-------- Listed records
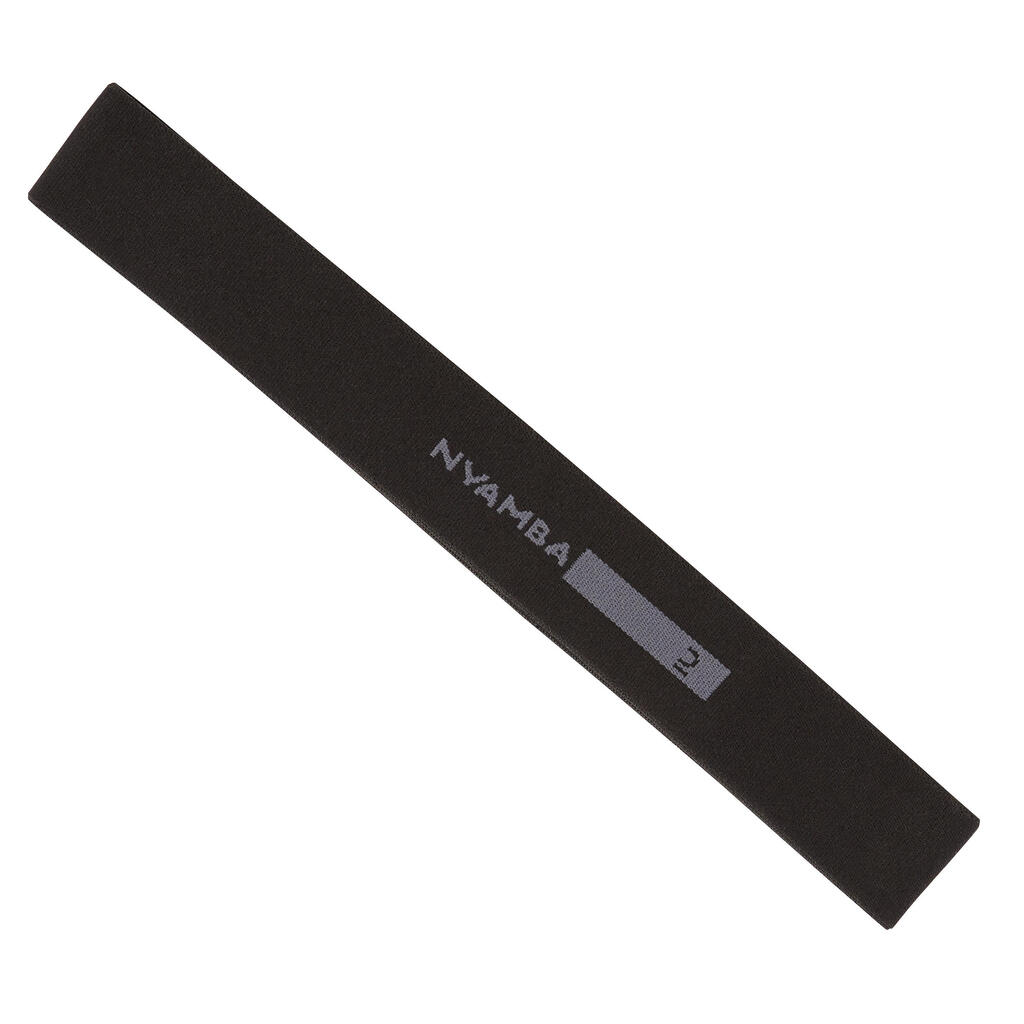 Mini elastický popruh na fitnes s odporom 7 kg textilný – čierny
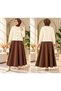 Women's modest detail knit blouse and suede skirt set, brown.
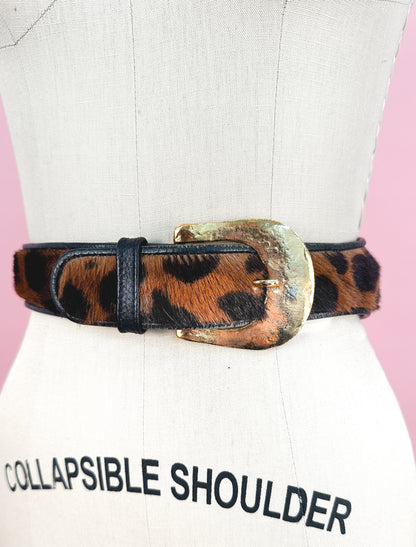 1980s Pony Hair Leopard Print Statement Belt / up to a Waist 29"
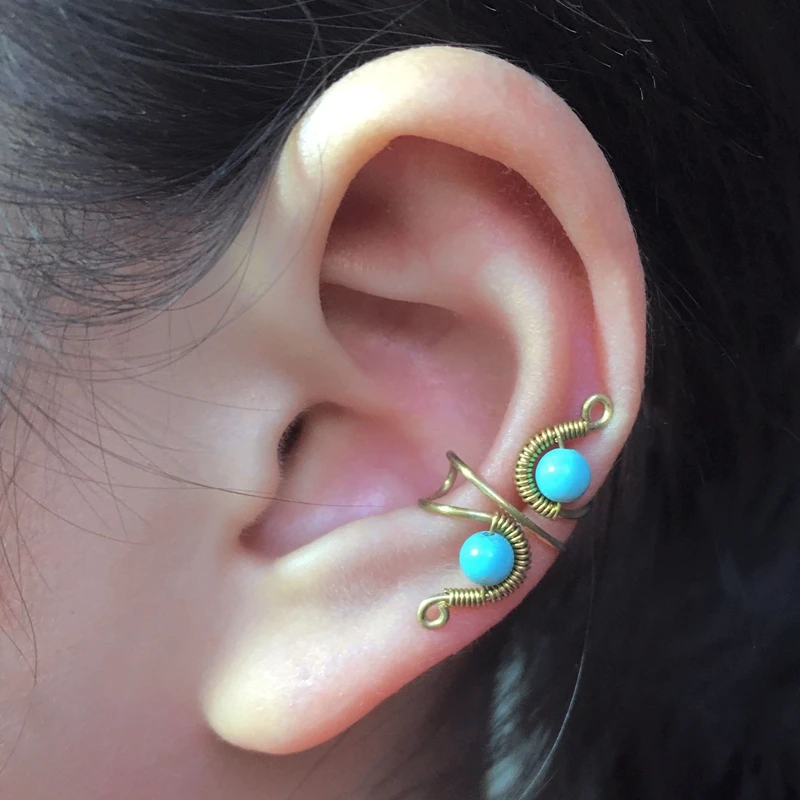 非金属仿水晶耳饰 蓝色手工无耳洞耳夹原创黑色朋克装饰耳骨夹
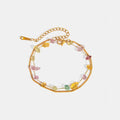 Stainless Steel Natural Stone Double Layered Bracelet by Trendsi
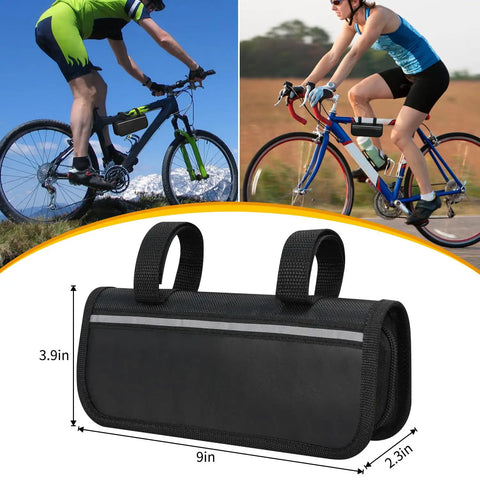 All In One Bike Repair Kit With Mini Pump And 16 In 1 Multitool, Tire Levers, handy bag shown on mountain and road bikes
----------------
## What to work on
Leave out all pictures and retype precisely the lines that run from the line containing "Stainless Steel Natural" to the last line of the records.

## Response to this exercise
 Stainless Steel Natural Stone Double Layered Bracelet by Trendsi
 All In One Bike Repair Kit With Mini Pump And 16 In 1 Multitool, Tire Levers, handy bag shown on mountain and road bikes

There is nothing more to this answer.